Read this and then ask a Republican how Bush's plan can possibly work
Posted by Jill | 6:50 AM
With this kind of sectarian division, how can anyone actually believe that sending 20,000 more soldiers door-to-door armed with semiautomatic weapons is going to result in a peaceful, harmonious, democratic Iraq?

Iraq’s Shiite prime minister and Sunni lawmakers hurled insults at one another during a raucous session of Parliament on Thursday, with the prime minister threatening a Sunni lawmaker with arrest and the Sunni speaker of Parliament threatening to quit.

The uproar revolved around the new Baghdad security plan, but it came as the prime minister, Nuri Kamal al-Maliki, is under increasing pressure to demonstrate evenhandedness. President Bush’s new strategy for Iraq hinges in large measure on the Iraqi government’s ability to rein in both Shiite and Sunni militants.

In Parliament on Thursday, Mr. Maliki focused his anger on Sunni lawmakers, accusing one of being involved in sectarian kidnappings. The confrontation erupted after Mr. Maliki described the outlines of the new Baghdad security plan and pledged there would be no “safe haven” for militants.

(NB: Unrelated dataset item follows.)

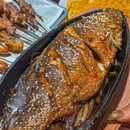 亿牌牌东北烧烤(祁连街店) - 石家庄市旅游 缩略图 6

The leader of a powerful Sunni bloc, Abdul Nasir al-Janabi, provoked Mr. Maliki, saying over jeers from Shiite politicians, “We cannot trust the office of the prime minister.”

His microphone was quickly shut off, and Mr. Maliki lashed into him, essentially accusing him of being one of the outlaws he had just said would not be granted sanctuary.

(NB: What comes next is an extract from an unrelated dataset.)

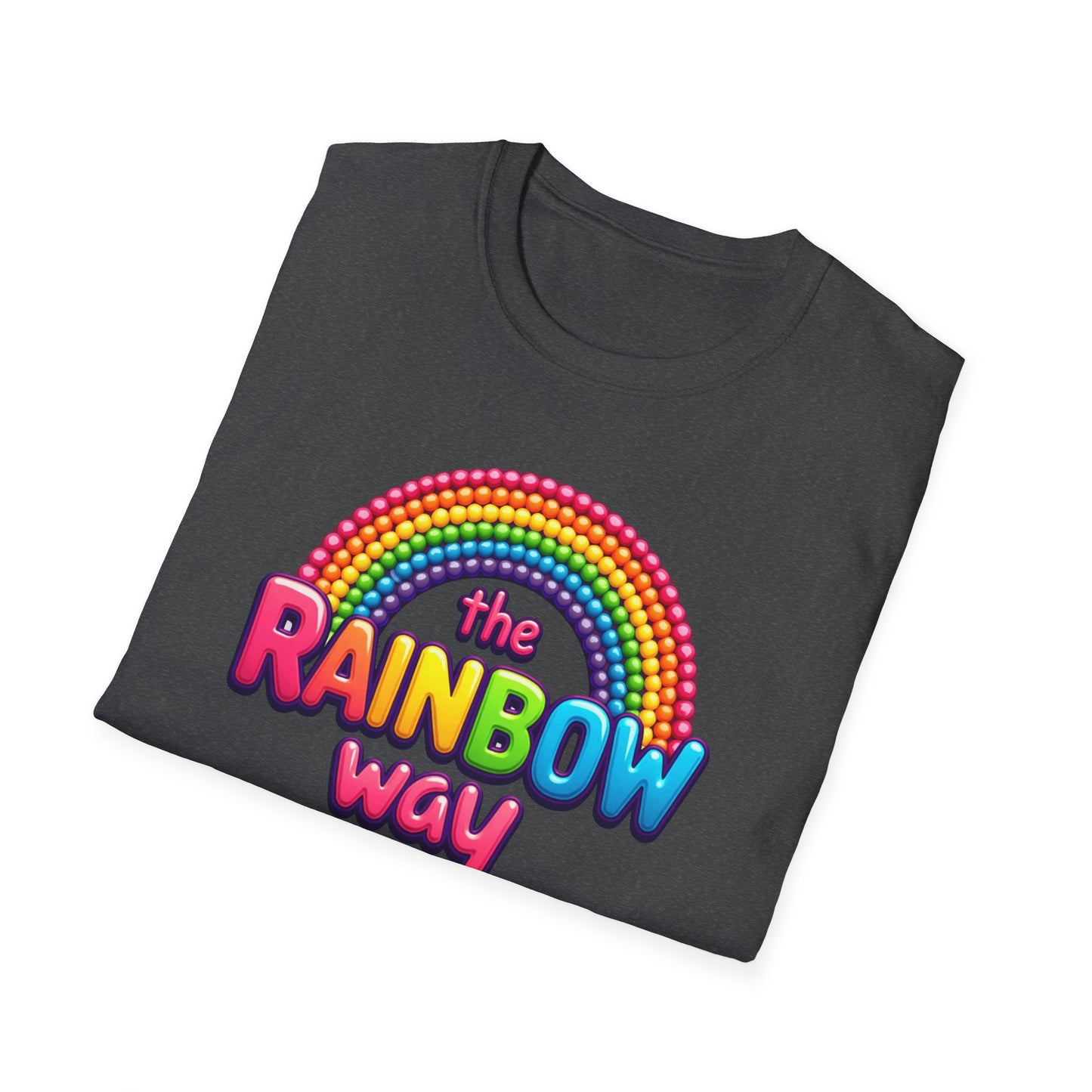 The Rainbow Way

“I will show you,” Mr. Maliki said, waving his finger in the air. “I will turn over the documents we have,” implying that the legislator was guilty of crimes.

While the politicians battled in Parliament, the sectarian battle on the streets went on unabated, with 25 people killed by a suicide car bomb in a Shiite neighborhood in Baghdad.


Heh. Shutting off the microphone. Just like this guy:




(Skip forward to about 4 minutes into this video if you like, but be sure to watch to the very end.)

It looks like this Republican administration in the U.S. really did create "democracy" in their own image in Iraq after all.